▶ **ENTRIES SUPPLIED**:
____________

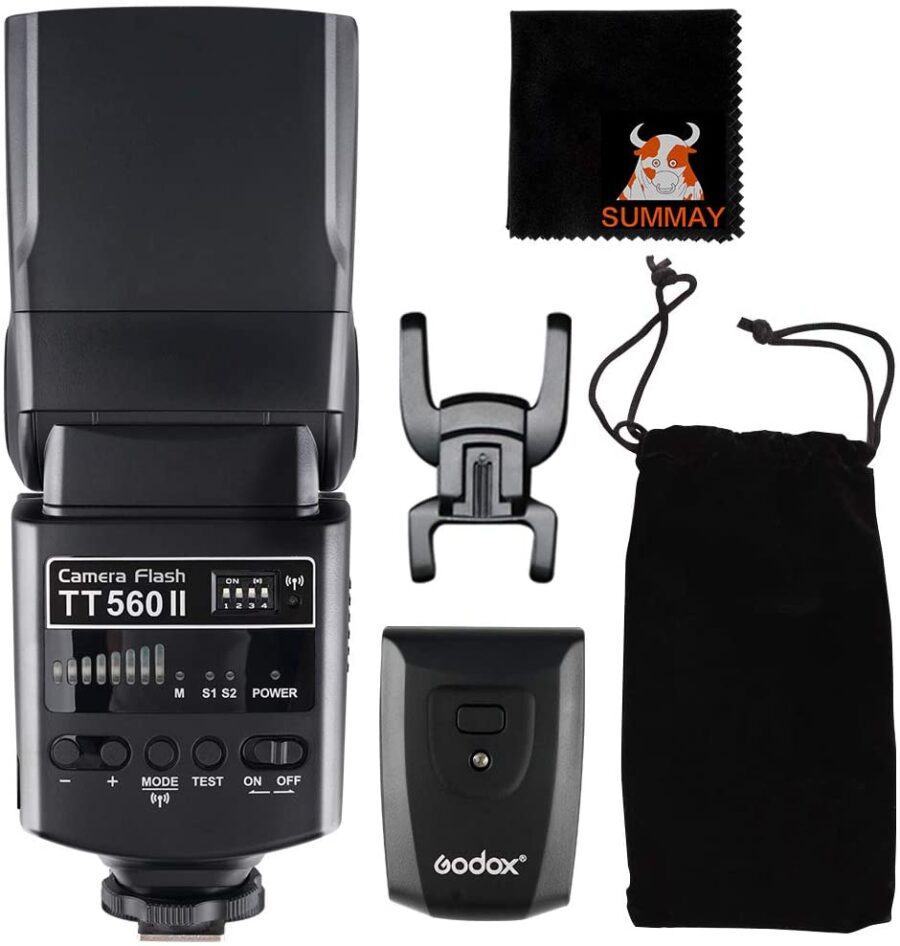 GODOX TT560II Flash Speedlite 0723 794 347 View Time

____________

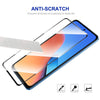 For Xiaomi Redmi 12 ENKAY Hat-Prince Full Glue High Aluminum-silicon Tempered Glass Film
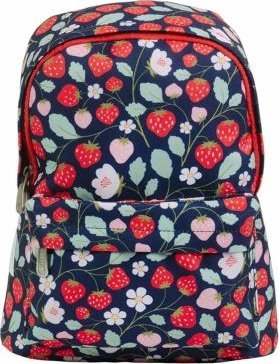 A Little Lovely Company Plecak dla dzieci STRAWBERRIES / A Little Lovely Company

____________

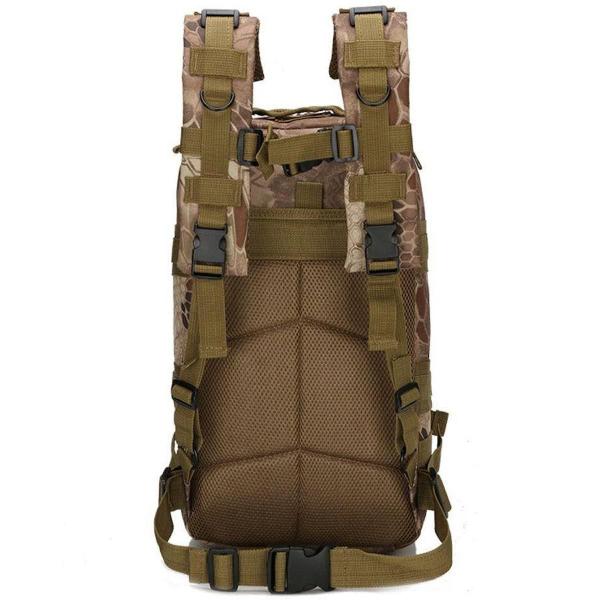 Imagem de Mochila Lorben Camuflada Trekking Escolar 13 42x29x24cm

____________

▶ **EXERCISE INSTRUCTIONS**: Set down again, exactly, every line above from the one with "For Xiaomi Redmi" down to the one with "A Little Lovely Company Plecak", both ends included. No pictures, and nothing else.

▶ **ANSWER TO THIS TASK**:
 For Xiaomi Redmi 12 ENKAY Hat-Prince Full Glue High Aluminum-silicon Tempered Glass Film
 A Little Lovely Company Plecak dla dzieci STRAWBERRIES / A Little Lovely Company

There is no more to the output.